WHAT IS NEEDED
Could you print exactly the lines from the one that contains "Erma Werke EGM 1 Mod. 70" to the end of the data, both ends included, and nothing else? Skip the pictures.

********

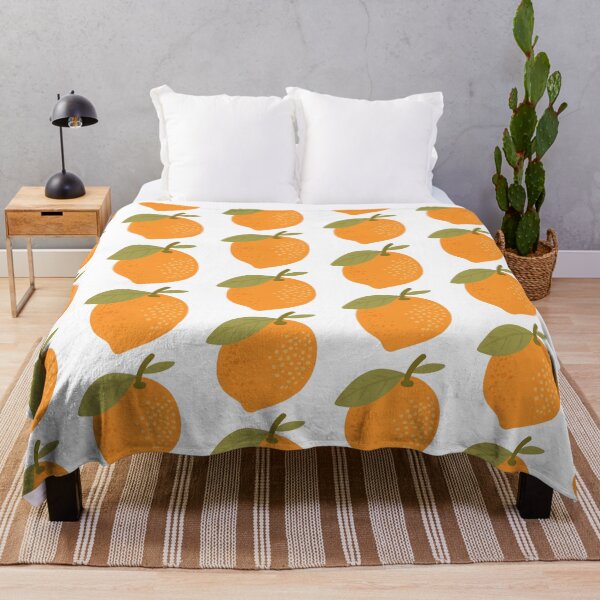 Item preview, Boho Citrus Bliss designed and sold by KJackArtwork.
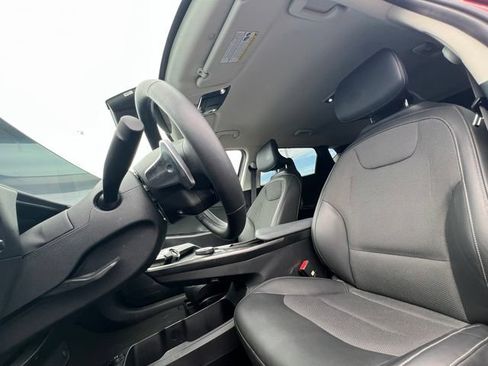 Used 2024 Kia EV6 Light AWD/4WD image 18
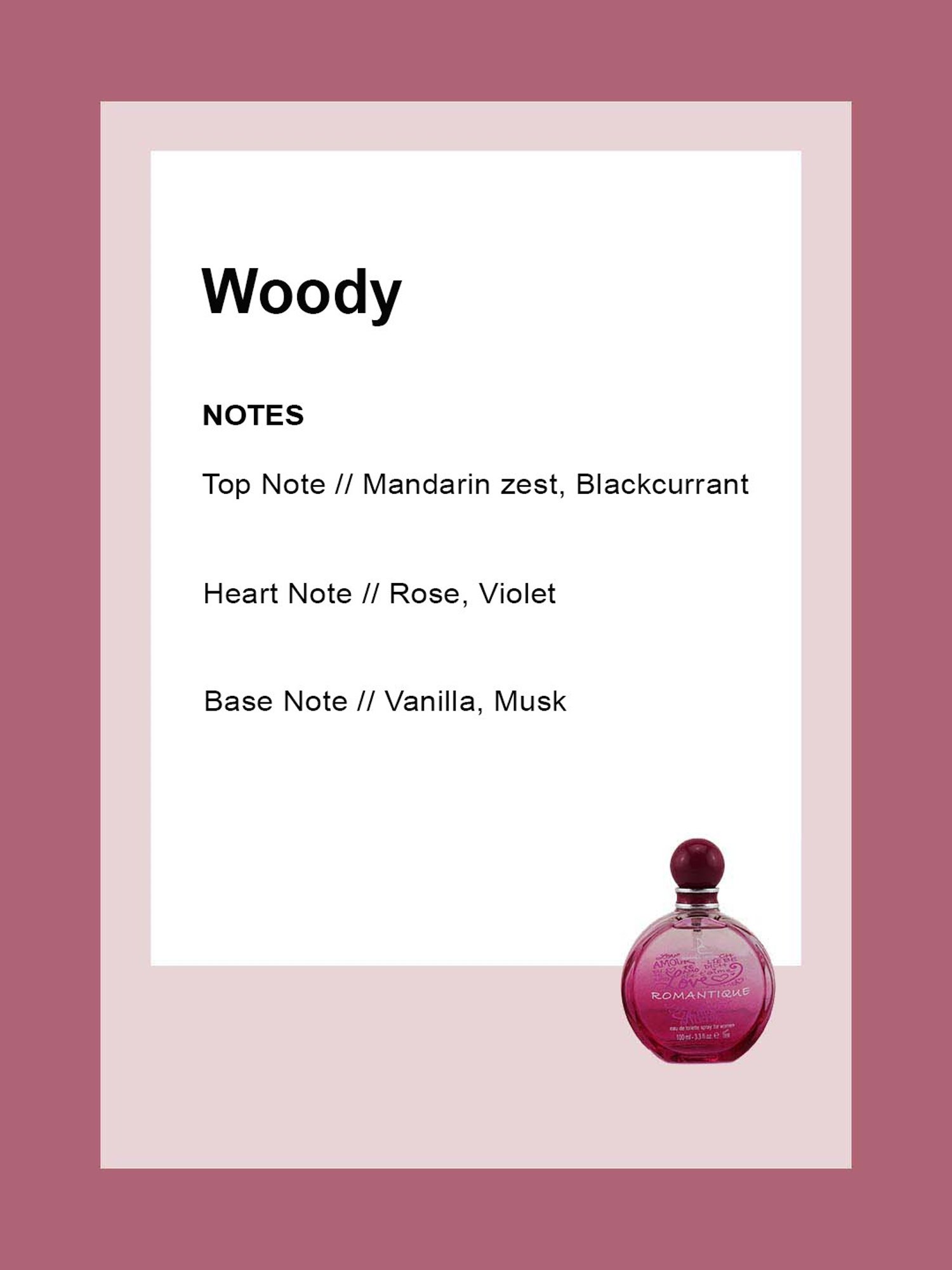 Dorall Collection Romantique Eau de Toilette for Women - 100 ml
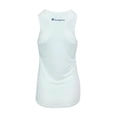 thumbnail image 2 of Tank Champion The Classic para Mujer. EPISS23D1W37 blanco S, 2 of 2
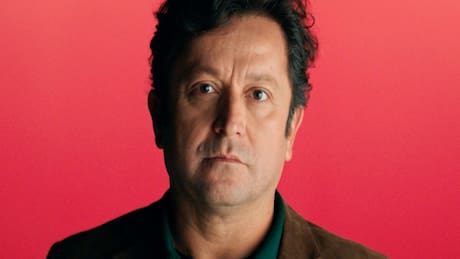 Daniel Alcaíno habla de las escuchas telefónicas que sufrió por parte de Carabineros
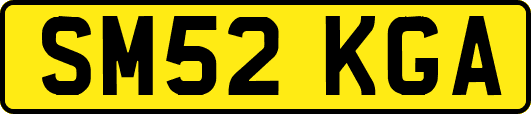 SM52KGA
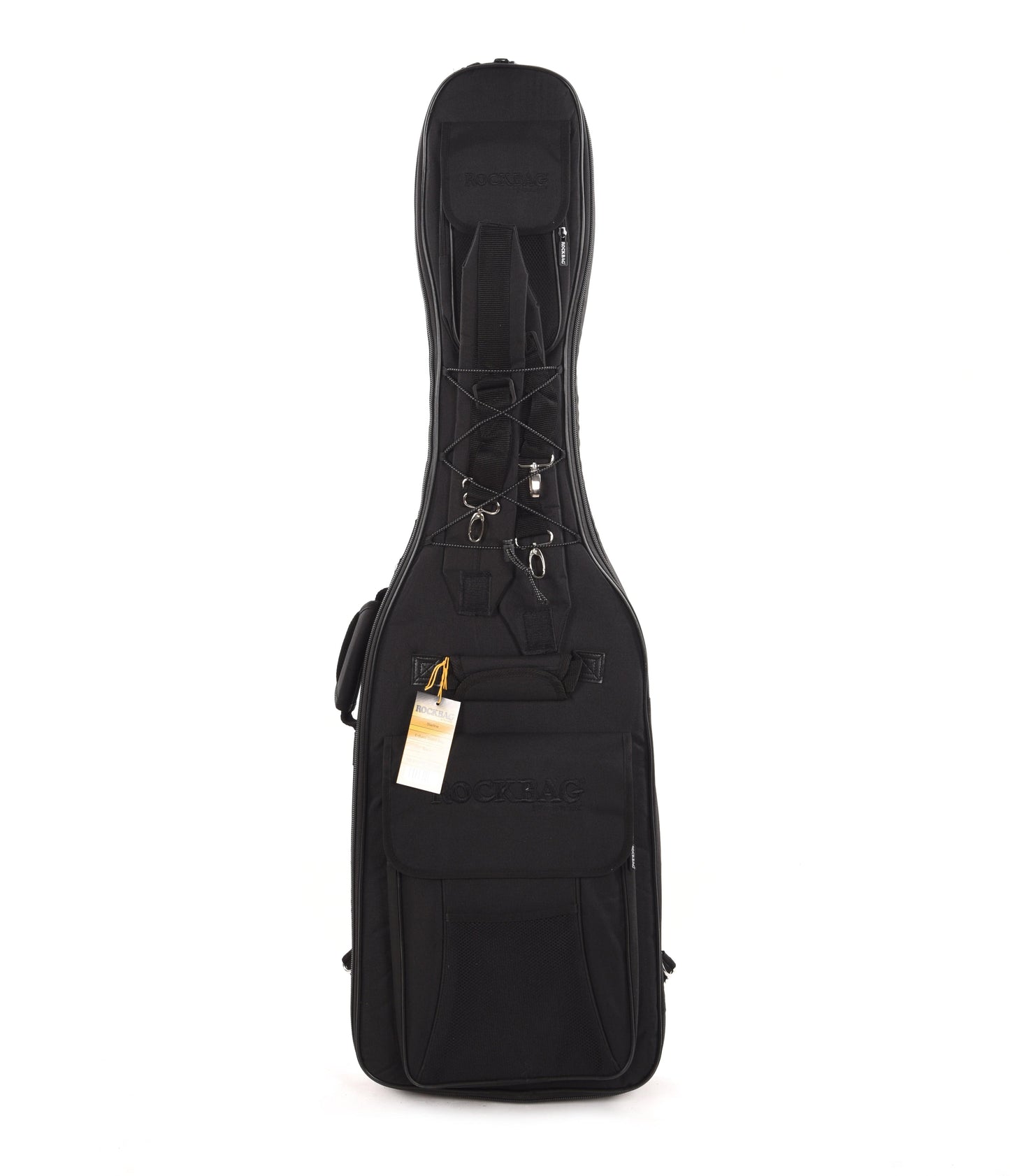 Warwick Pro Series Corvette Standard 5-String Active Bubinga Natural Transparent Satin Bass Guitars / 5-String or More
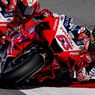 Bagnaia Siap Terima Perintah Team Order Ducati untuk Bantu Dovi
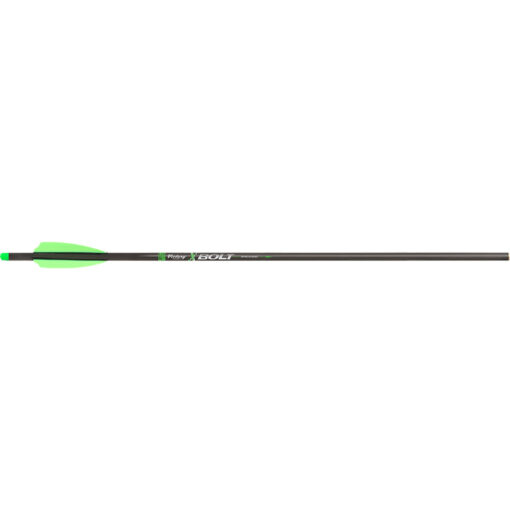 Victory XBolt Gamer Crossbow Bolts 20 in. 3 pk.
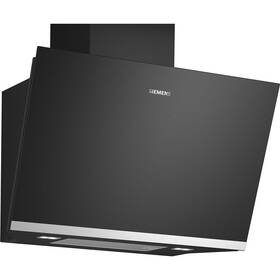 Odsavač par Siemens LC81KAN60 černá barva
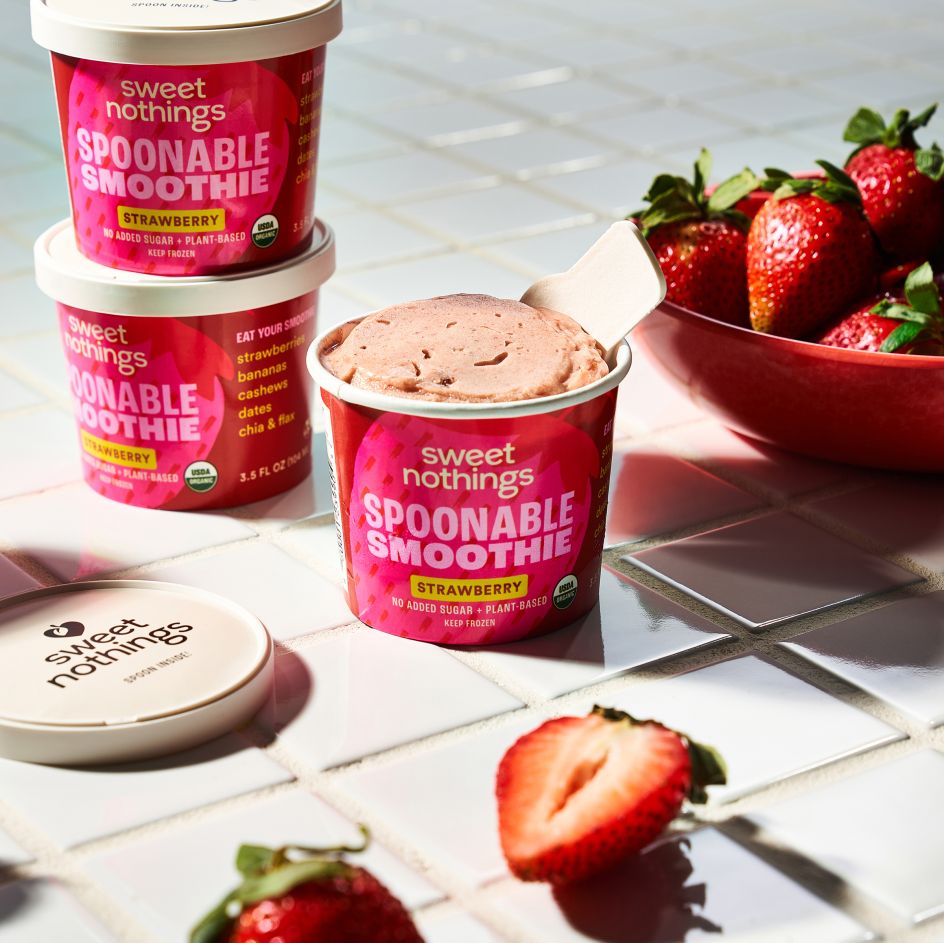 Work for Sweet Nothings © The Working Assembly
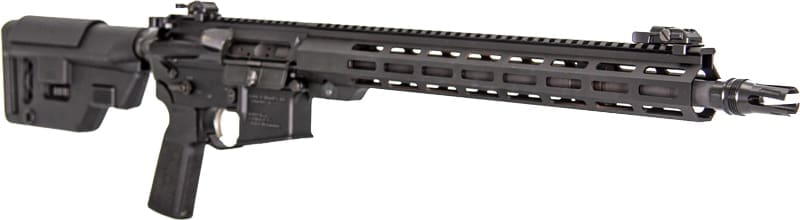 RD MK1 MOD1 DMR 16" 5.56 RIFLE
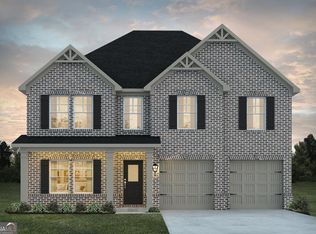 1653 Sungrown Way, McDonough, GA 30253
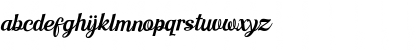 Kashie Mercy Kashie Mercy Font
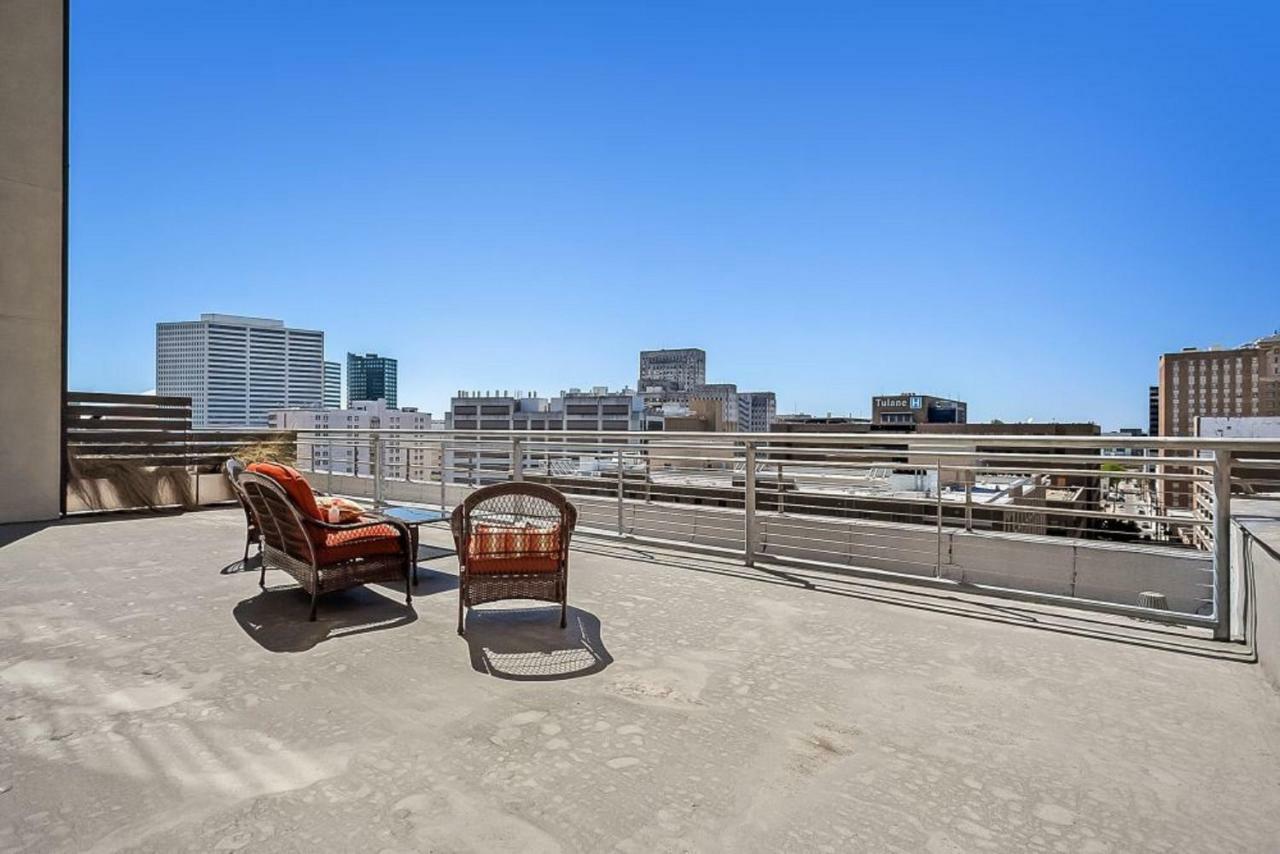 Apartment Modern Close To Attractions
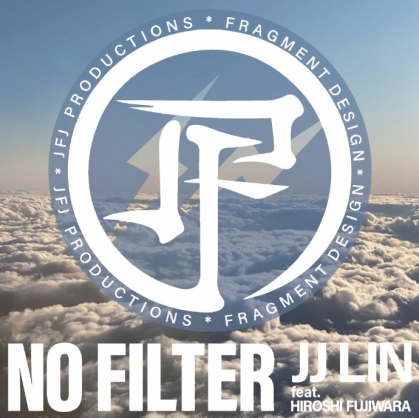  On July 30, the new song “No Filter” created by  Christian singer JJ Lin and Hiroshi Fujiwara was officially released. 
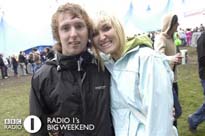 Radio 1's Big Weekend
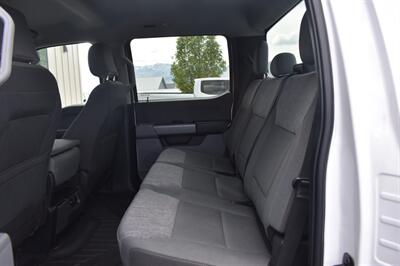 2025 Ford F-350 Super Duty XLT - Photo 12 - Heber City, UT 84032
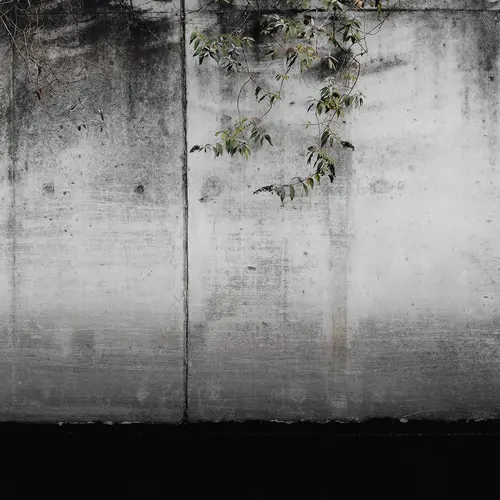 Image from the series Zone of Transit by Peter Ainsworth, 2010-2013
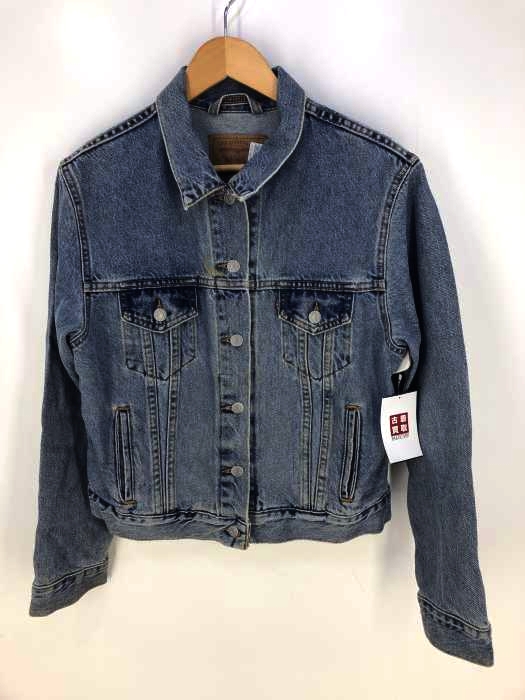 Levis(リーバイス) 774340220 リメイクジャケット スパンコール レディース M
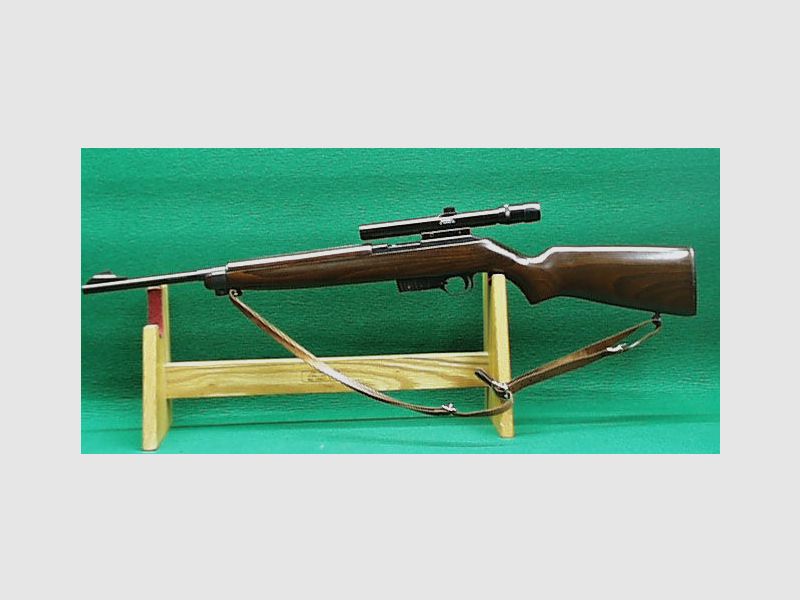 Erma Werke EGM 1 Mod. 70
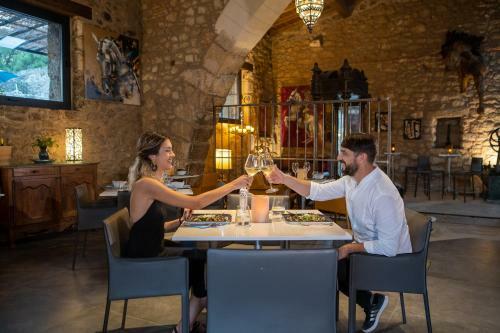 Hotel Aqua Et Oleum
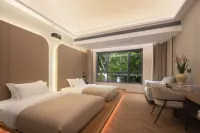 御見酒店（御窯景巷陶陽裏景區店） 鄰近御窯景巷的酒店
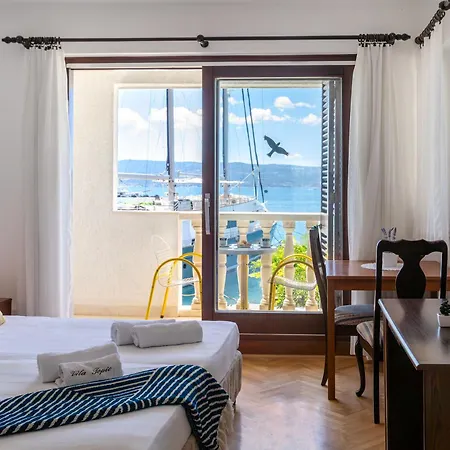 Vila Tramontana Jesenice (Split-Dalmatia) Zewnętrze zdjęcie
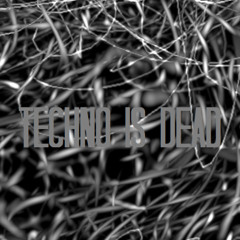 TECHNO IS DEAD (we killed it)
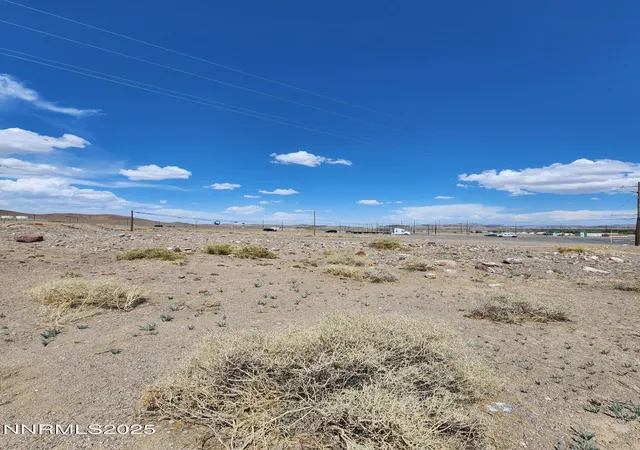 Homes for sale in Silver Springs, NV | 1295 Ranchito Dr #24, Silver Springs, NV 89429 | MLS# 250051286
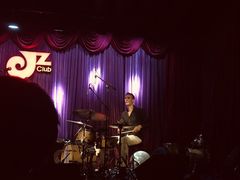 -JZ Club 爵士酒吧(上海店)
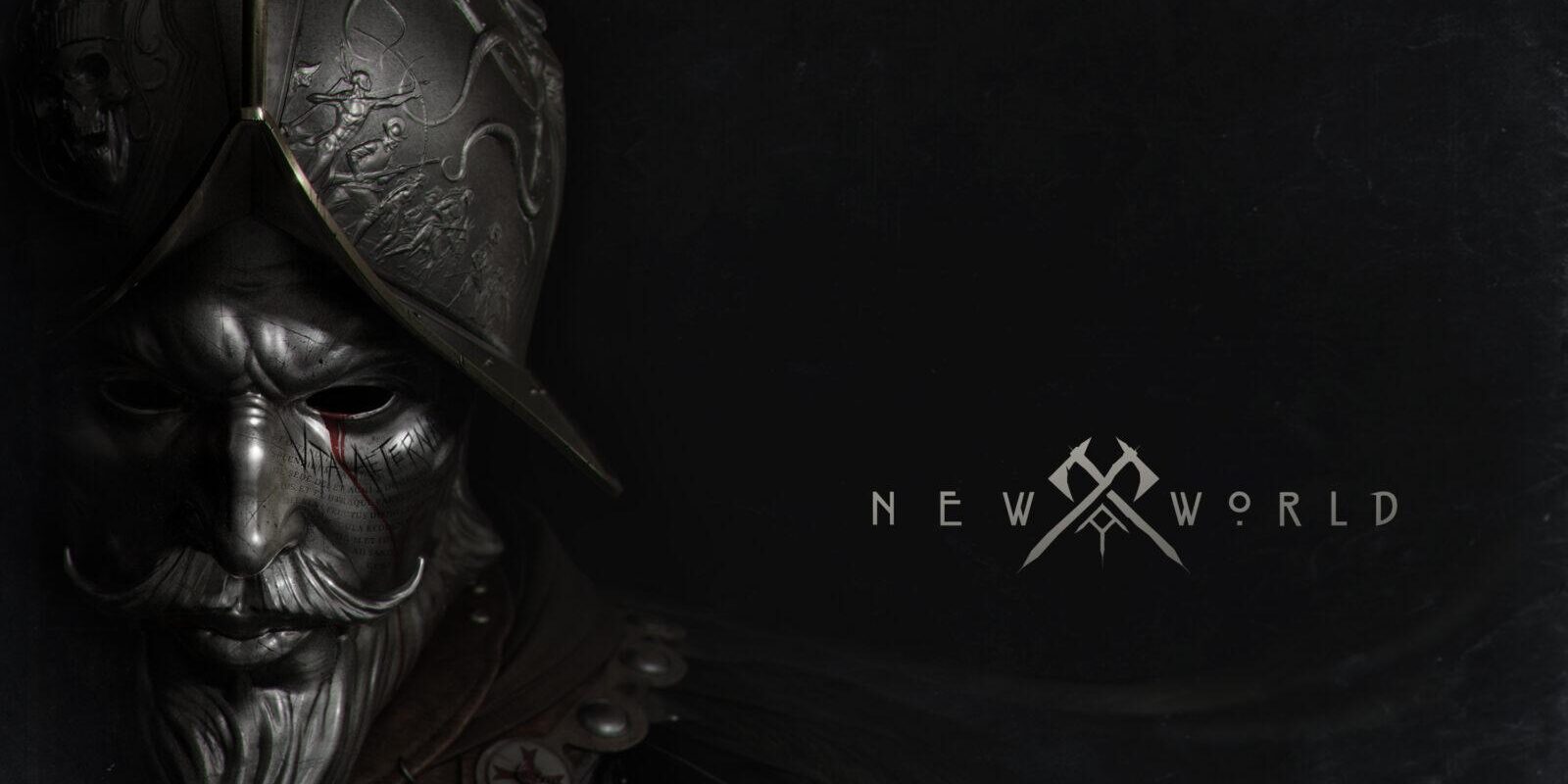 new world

********

FINAL ANSWER
 Erma Werke EGM 1 Mod. 70
 Hotel Aqua Et Oleum
 御見酒店（御窯景巷陶陽裏景區店） 鄰近御窯景巷的酒店
 Vila Tramontana Jesenice (Split-Dalmatia) Zewnętrze zdjęcie
 TECHNO IS DEAD (we killed it)
 Homes for sale in Silver Springs, NV | 1295 Ranchito Dr #24, Silver Springs, NV 89429 | MLS# 250051286
 -JZ Club 爵士酒吧(上海店)
 new world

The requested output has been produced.